Raft: Leader Election

Raft

Raft is a consensus algorithm that maintains shared log in a distributed environment. For a bunch of server running Raft, one is leader and others are followers. The leader reads requests from client, make sure quorum of servers has agreed on the request, then apply the request and reply to client.

When a leader timeout or fails, other followers starts leader election to elect a new leader.

Leader Election

We start by initializing raft struct on each instance. The upper layer application calls Make to initialize the raft struct. According to the Raft paper’s figure 2, we need state, currentTerm, votedFor, and log in raft struct. We also need electionTimer and majority for leader election.

type ApplyMsg struct {
	CommandValid bool
	Command      interface{}
	CommandIndex int
}

type Entry struct {
	Term int
}

type ServerState int

const (
	Follower ServerState = iota
	Candidate
	Leader
)

// A Go object implementing a single Raft peer.
type Raft struct {
	mu        sync.Mutex          // Lock to protect shared access to this peer's state
	peers     []*labrpc.ClientEnd // RPC end points of all peers
	persister *Persister          // Object to hold this peer's persisted state
	me        int                 // this peer's index into peers[]
	dead      int32               // set by Kill()
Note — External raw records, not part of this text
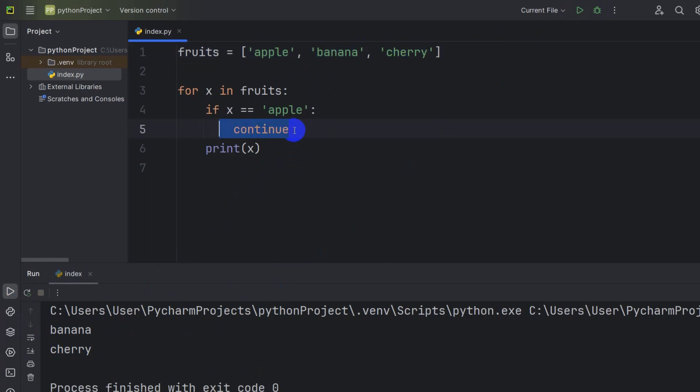So this is how you can use break and continue statements in Python. If you have any questions or suggestions, just let me know in the comment section. Don't forget to subscribe, and I hope to see you in future tutorials.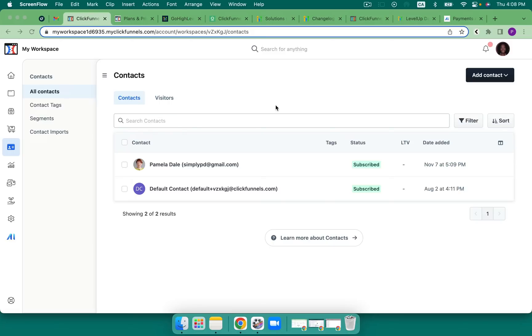ClickFunnels 2.0 versus GoHighLevel Conversations Edition. My name is Pamela Dale, your GoHighLevel gal, and I'm going to continue to walk you through the comparisons between GoHighLevel and ClickFunnels. Join me, won't you? Let's jump into the editor and take a look around.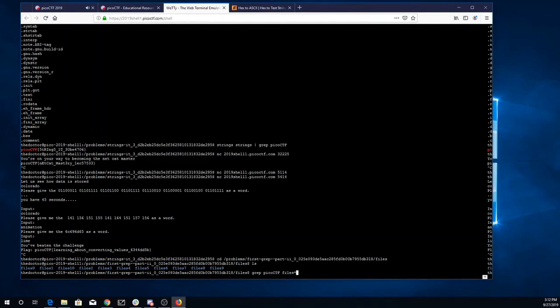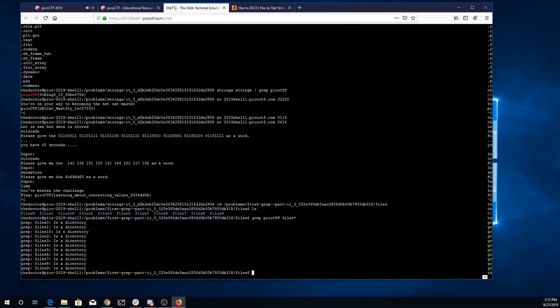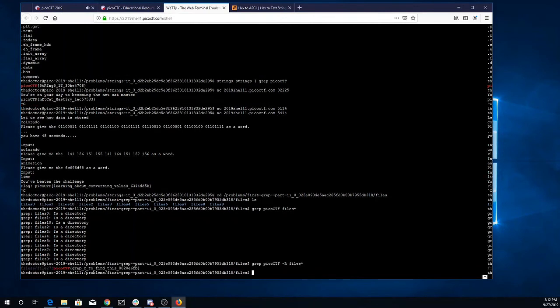I'll do a grep through file star. They're all directories, so I need to add the recursive flag to my grep. Adding a dash r, grep dash r through all those folders, and there we have our flag. Grep -r to find this.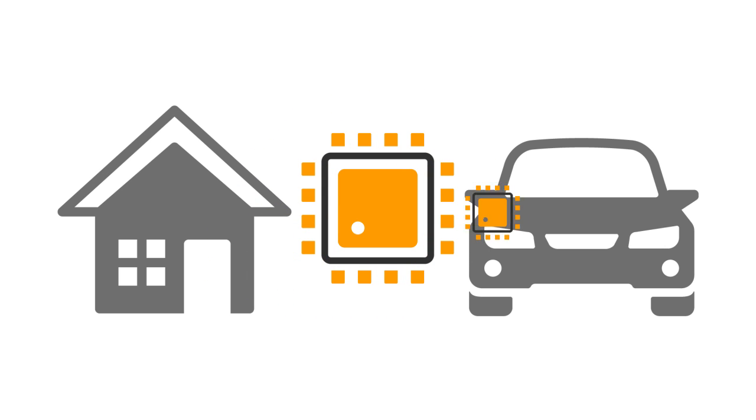Now when I say embedded devices, I'm referring to objects with a special-purpose computing system, so think of things like a household appliance or sensors in an autonomous vehicle.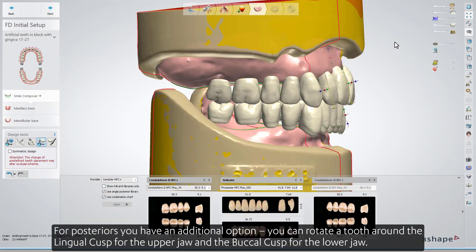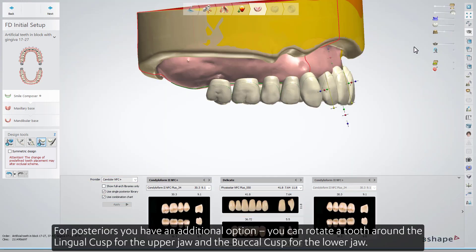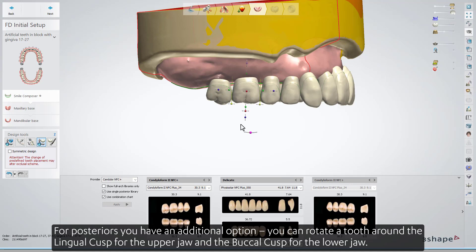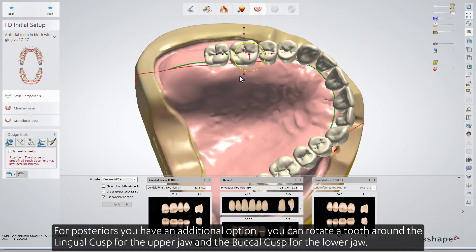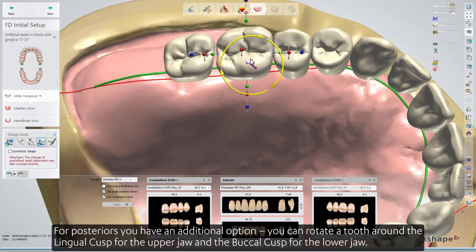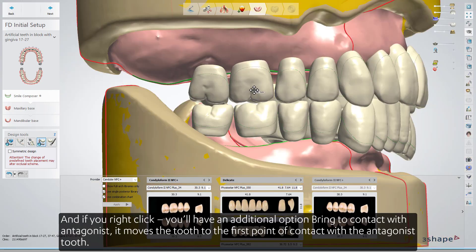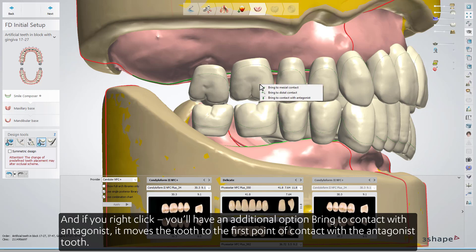For posteriors, you have an additional option: you can rotate a tooth around the lingual cusp for the upper jaw and the buccal cusp for the lower jaw. And if you right-click, you'll have an additional option, Bring to Contact with Antagonist.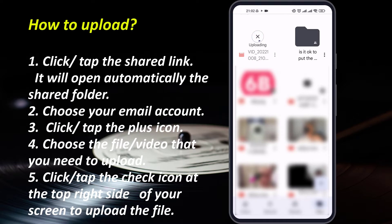If your video is long or the file size of the video is big, it might take time. So you need to be patient when you're uploading the file.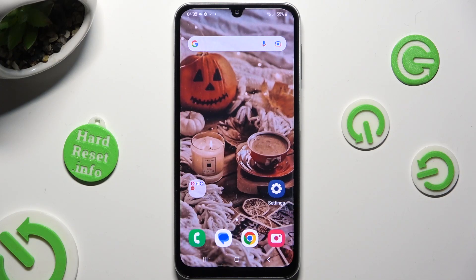Hi! In front of me is Samsung Galaxy A24, and today I would like to show you how you can manage autorotation.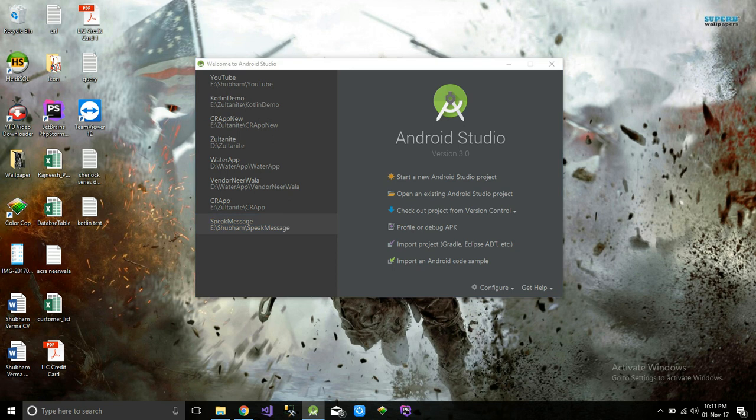Hello guys, welcome to Tech World. Today I am going to show you how to make a mobile application in Kotlin. We are going to start with a simple login application. I hope you all have Android Studio.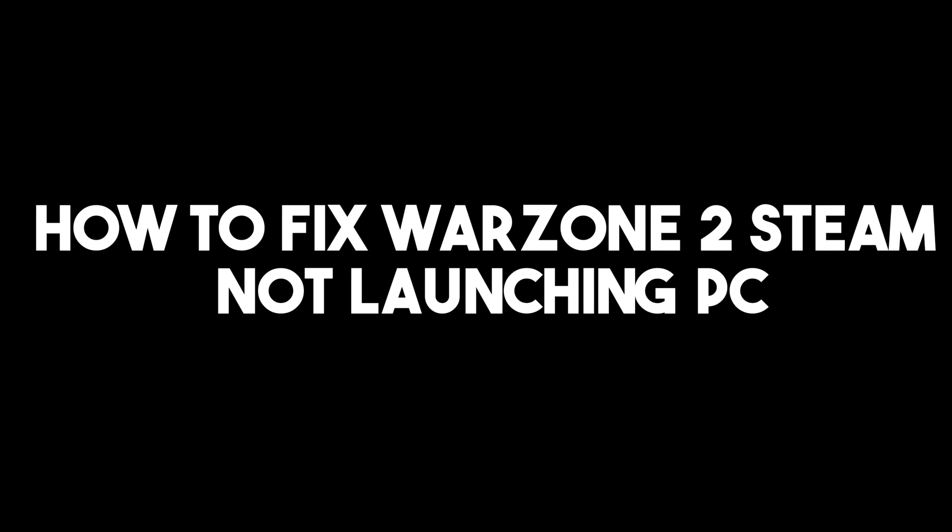Hello everyone, in this video I will be showing you how to fix Warzone 2 Steam not launching on PC.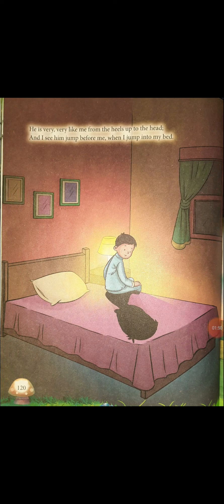'He is very, very like me from the heels up to the head. And I see him jump before me when I jump into my bed.' Our shadows are the same as us. Whenever this boy jumps into bed — whenever you jump into bed — first of all your shadow will jump. It doesn't have features like eyes, nose, mouth, or ear, but it has a head, hands, legs and everything. Whatever you do, the shadow will do the same thing. Sometimes the shadow is even faster than you; if you jump into the bed, the shadow will jump before you.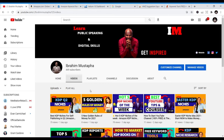Hello and welcome to the IAM channel. My name is Ibrahim Mustafa. I believe in you and I believe in the power of your dreams. No matter what, you can make it possible. No matter where you are, no matter what you do now, believe in yourself because I believe in you.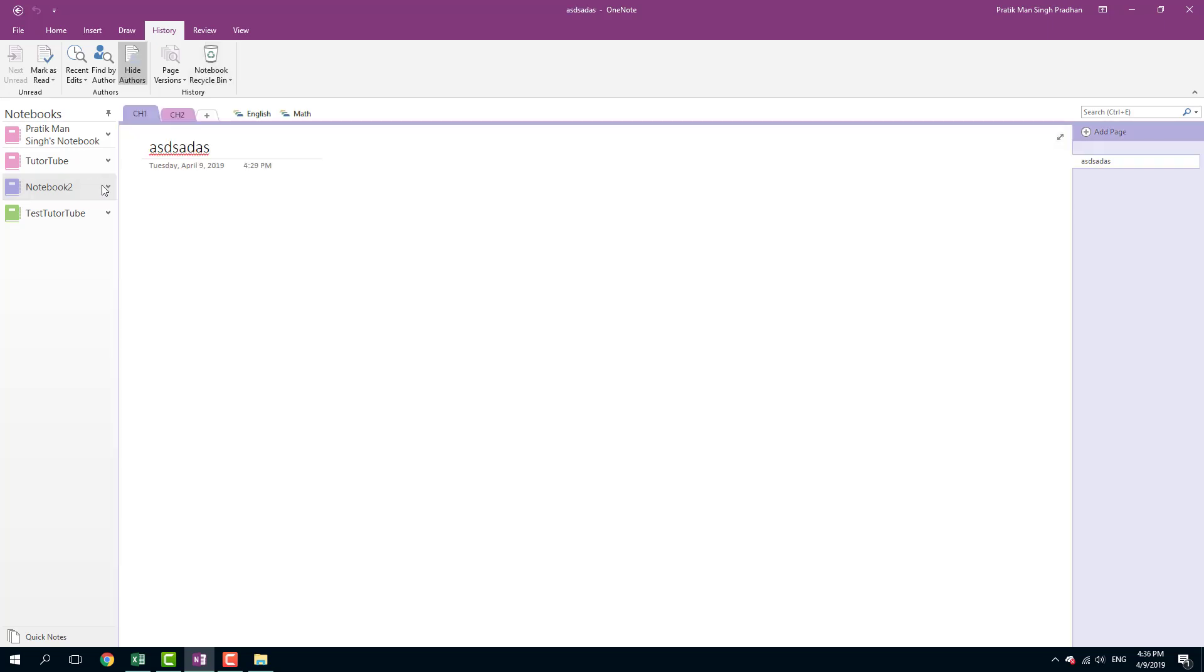So that is how you can use the recycle bin inside of Microsoft OneNote. Hope you guys learned something as always. And as always, please like, comment, share and subscribe.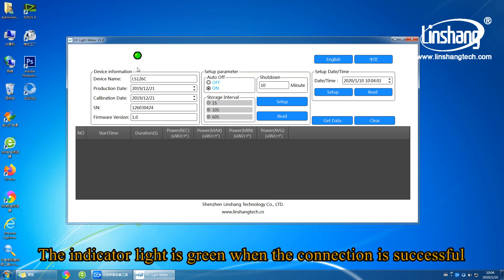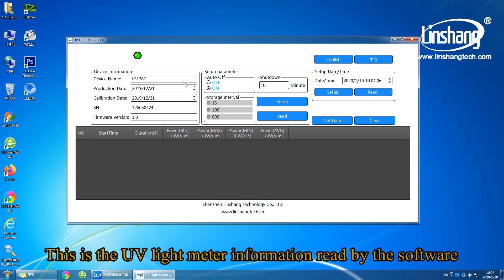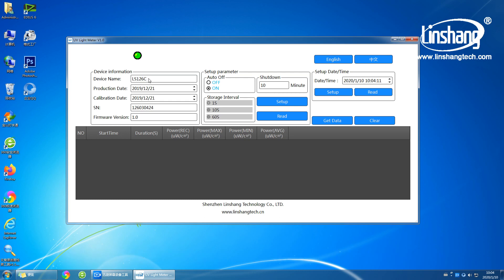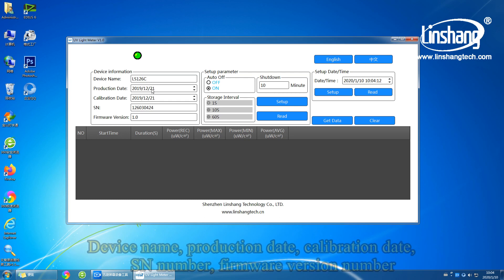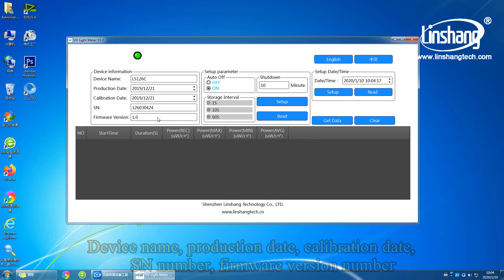The indicator light is green when the connection is successful. This is the UV light meter information read by the software, including device name, production date, calibration date, SN number, and firmware version number.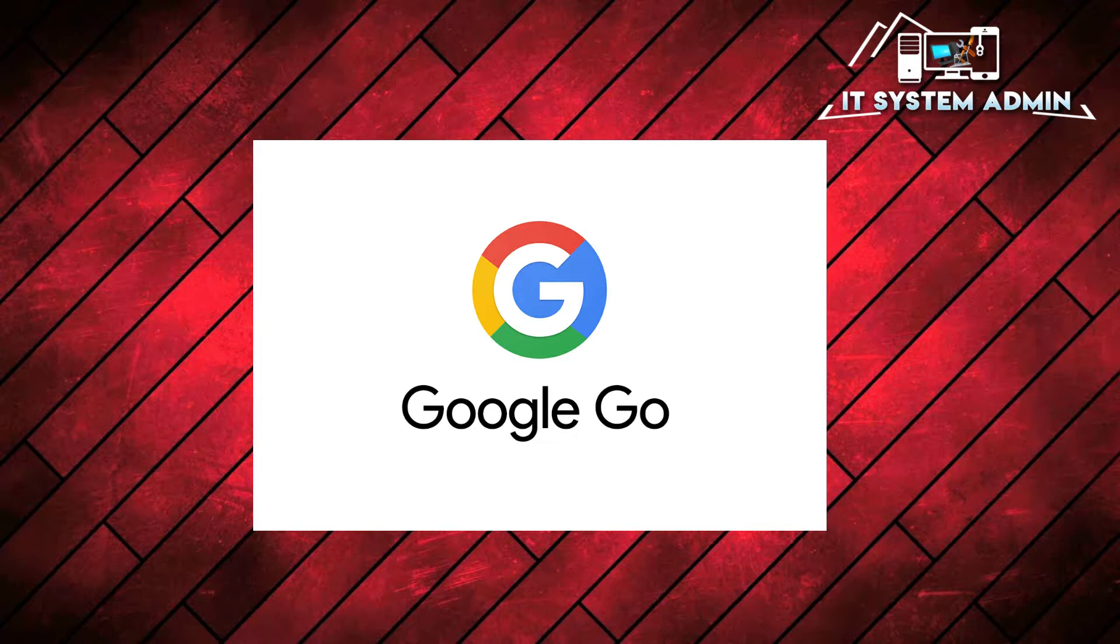Today in this tutorial I am going to show you how to install and use Google Go app for your Android mobile. It is an important issue, so don't forget to watch the full video.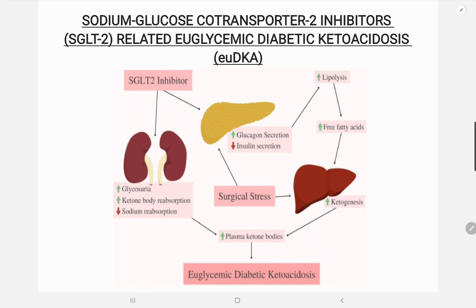Let's discuss some adverse effects of SGLT2 inhibitors. Genitourinary infections include vulvovaginal candidiasis, UTIs, and Fournier's gangrene, which is rare. Other effects include osmotic diuresis causing volume depletion, symptomatic hypotension, acute kidney injury, metabolic disturbances causing euglycemic diabetic ketoacidosis, orthopedic complications such as low-trauma fractures, and foot ulcers that may increase amputation risk.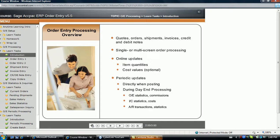Regardless of your update method, there are some routines that are only updated when day-end processing is performed. Therefore, day-end processing should be run periodically to ensure all files are up to date. Although it is called day-end processing, it can be performed more or less often.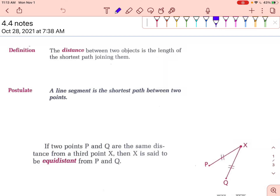This is section 4.4, which is all about the equidistance theorem. In order to talk about the equidistance theorems, we need to know what distance means. The distance between two objects is the length of the shortest path joining them, which leads us to this postulate: a line segment is the shortest path between two points. So if you have two points, the shortest distance between them is the segment that connects them.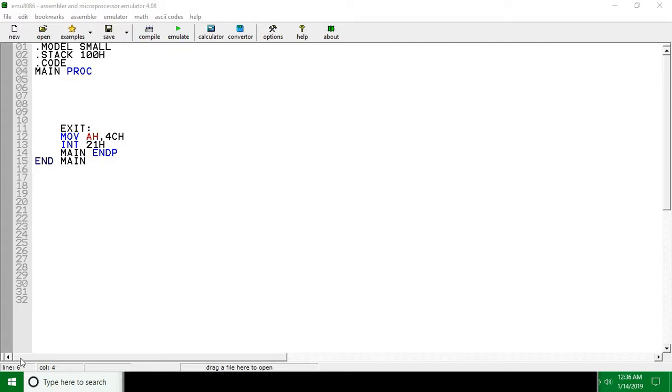Hello guys, in this tutorial we are going to see how we can take input from the user and then print it.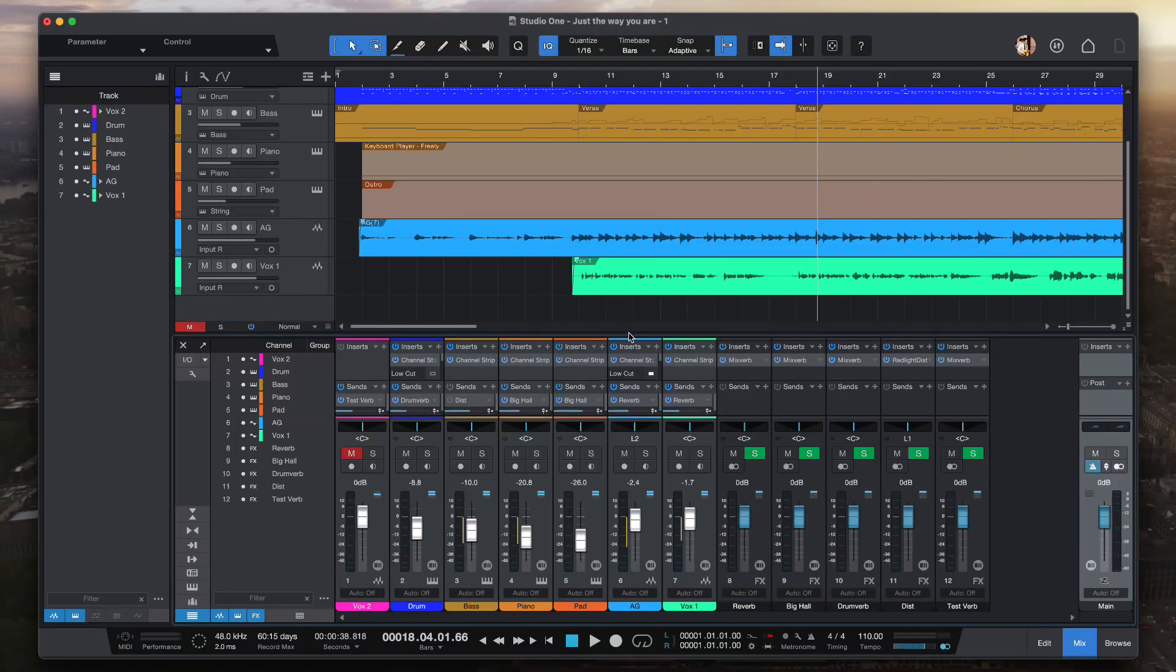Hi everybody, thank you so much for your time. In this tutorial, we're going to look at how to reduce latency in your recording using PreSonus Studio One. Latency can be a real problem when we are trying to record.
	// Your data here (3A, 3B, 3C).
	// Look at the paper's Figure 2 for a description of what
	// state a Raft server must maintain.
	state ServerState
	// persistent state on all servers
	currentTerm int
	votedFor    int
	log         []Entry
	// // volatile state on all servers
	// commitIndex int
	// lastApplied int
	// // volatile state on leaders (reinitialized after election)
	// nextIndex  []int
	// matchIndex []int

	electionTimer time.Time
	majority      int
}

//
// this is an outline of the API that raft must expose to
// the service (or tester). see comments below for
// each of these functions for more details.
//
// rf = Make(...)
//   create a new Raft server.
// rf.Start(command interface{}) (index, term, isleader)
//   start agreement on a new log entry
// rf.GetState() (term, isLeader)
//   ask a Raft for its current term, and whether it thinks it is leader
// ApplyMsg
//   each time a new entry is committed to the log, each Raft peer
//   should send an ApplyMsg to the service (or tester)
//   in the same server.
//

func Make(peers []*labrpc.ClientEnd, me int,
	persister *Persister, applyCh chan ApplyMsg) *Raft {
	rf := &Raft{}
	rf.peers = peers
	rf.persister = persister
	rf.me = me

	// Your initialization code here (3A, 3B, 3C).
	rf.state = Follower
	rf.currentTerm = 0
	rf.votedFor = -1 // null
	rf.log = make([]Entry, 1)
	// rf.commitIndex = 0
	// rf.lastApplied = 0
	// rf.nextIndex = make([]int, len(peers))
	// rf.matchIndex = make([]int, len(peers))
	rf.electionTimer = time.Now()
	rf.majority = len(peers)/2 + 1

	// initialize from state persisted before a crash
	rf.readPersist(persister.ReadRaftState())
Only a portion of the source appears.